_Extracted entries_.
○ ○ ○ ○ ○

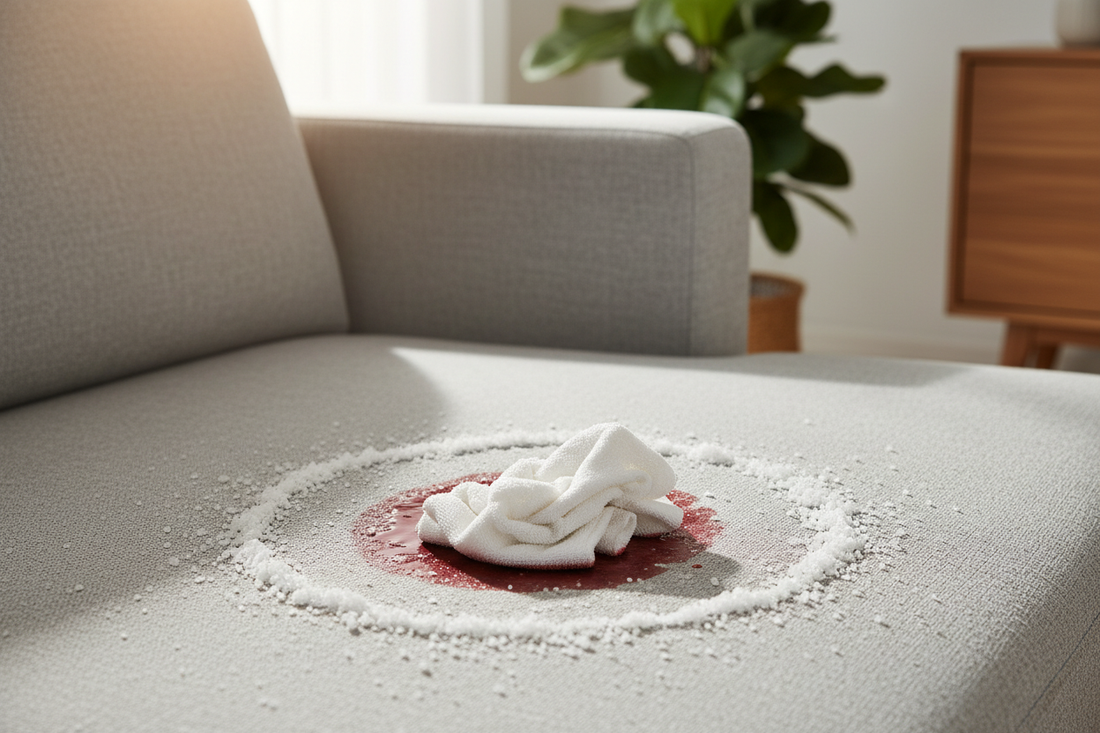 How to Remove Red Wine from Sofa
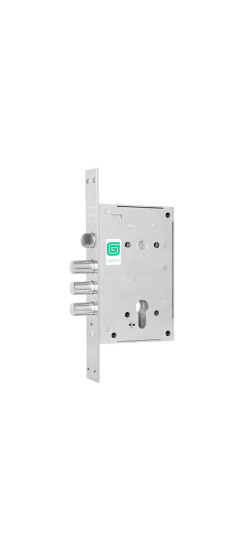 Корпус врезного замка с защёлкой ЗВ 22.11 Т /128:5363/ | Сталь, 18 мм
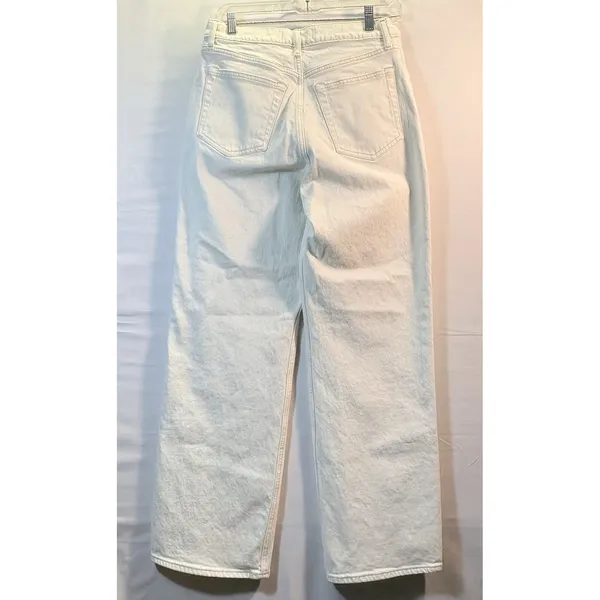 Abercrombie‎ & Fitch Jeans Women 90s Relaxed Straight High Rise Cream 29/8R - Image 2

○ ○ ○ ○ ○

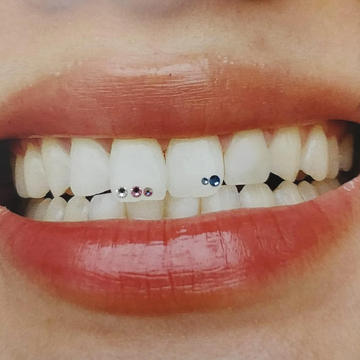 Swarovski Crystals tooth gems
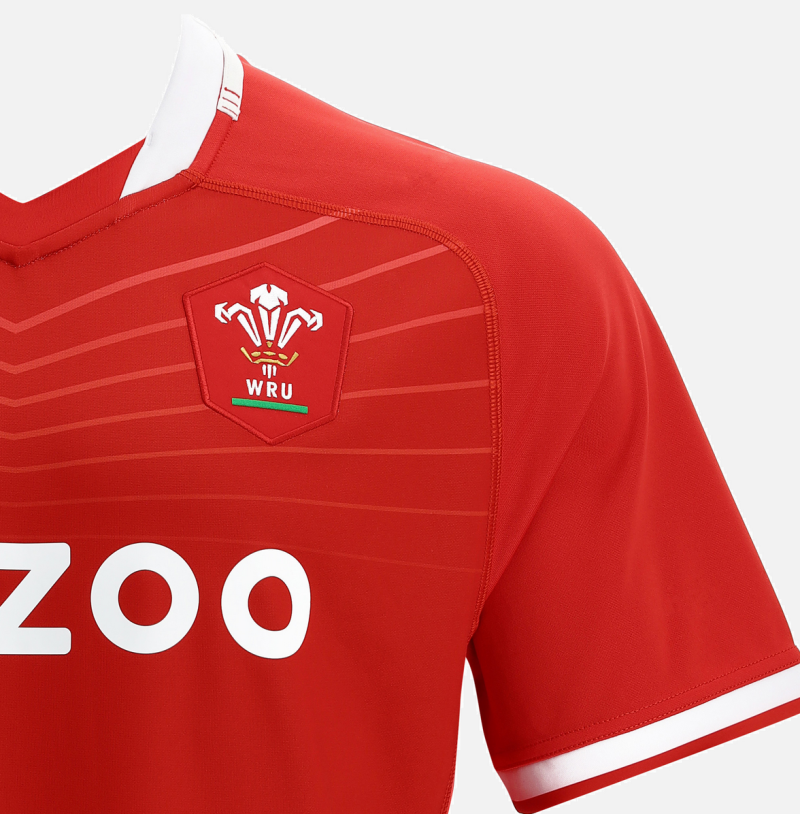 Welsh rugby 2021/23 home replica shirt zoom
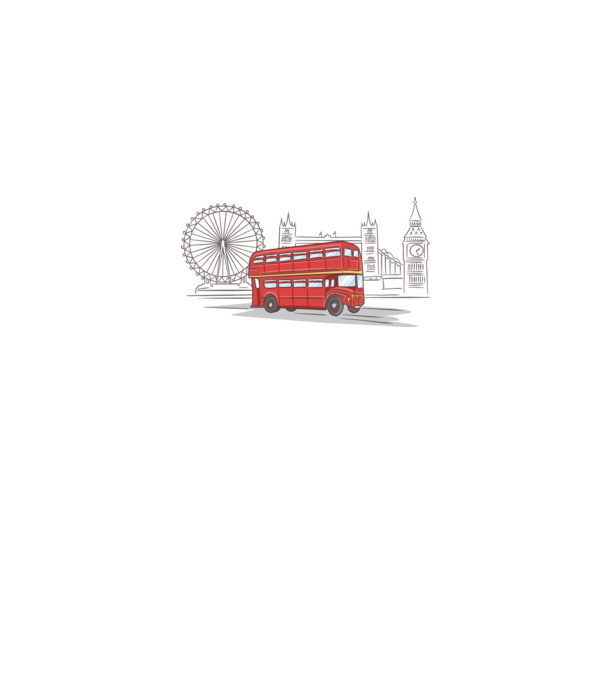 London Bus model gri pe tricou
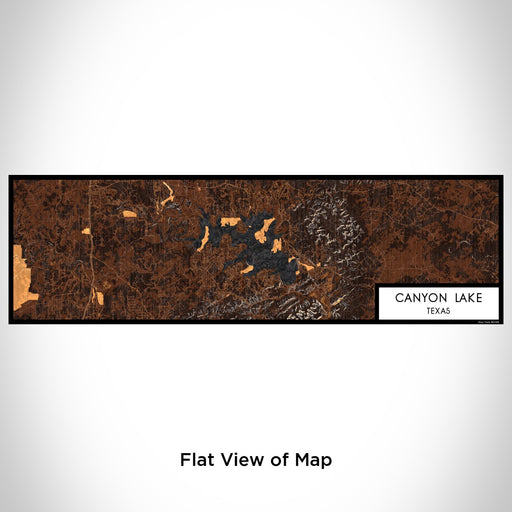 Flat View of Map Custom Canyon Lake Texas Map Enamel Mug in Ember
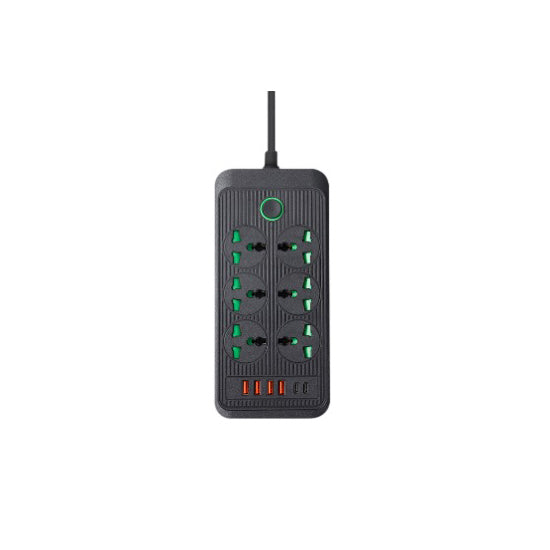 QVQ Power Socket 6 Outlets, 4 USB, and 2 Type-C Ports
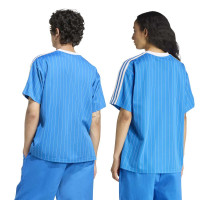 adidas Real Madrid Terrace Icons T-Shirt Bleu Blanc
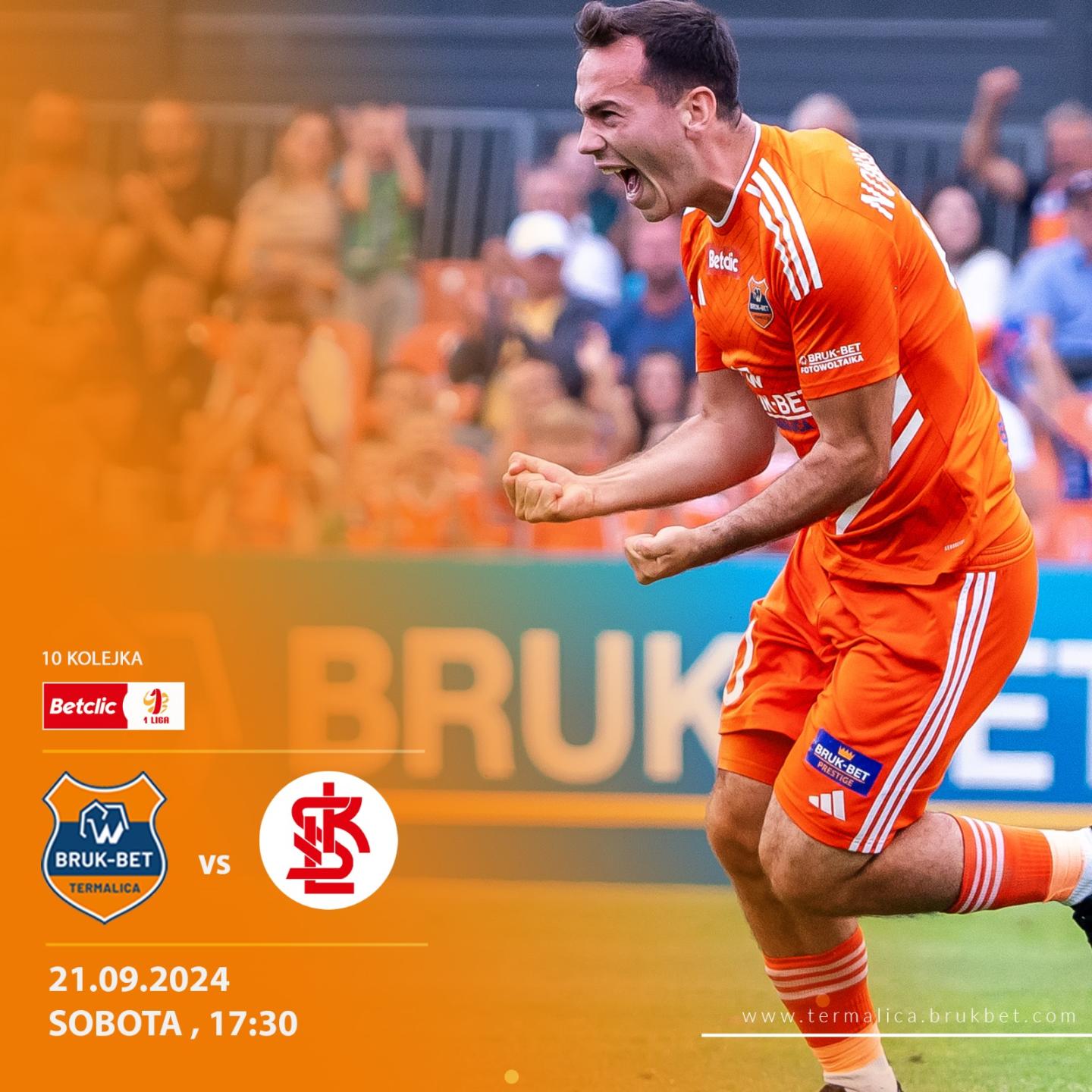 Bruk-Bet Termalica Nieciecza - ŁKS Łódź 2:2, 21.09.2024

○ ○ ○ ○ ○

_Your objective_. Using the listing above, repeat word for word each line from the one with "Корпус врезного замка" down to the one with "Abercrombie‎ & Fitch", both included. Omit all pictures.

_Answer to the exercise_.
 Корпус врезного замка с защёлкой ЗВ 22.11 Т /128:5363/ | Сталь, 18 мм
 Abercrombie‎ & Fitch Jeans Women 90s Relaxed Straight High Rise Cream 29/8R - Image 2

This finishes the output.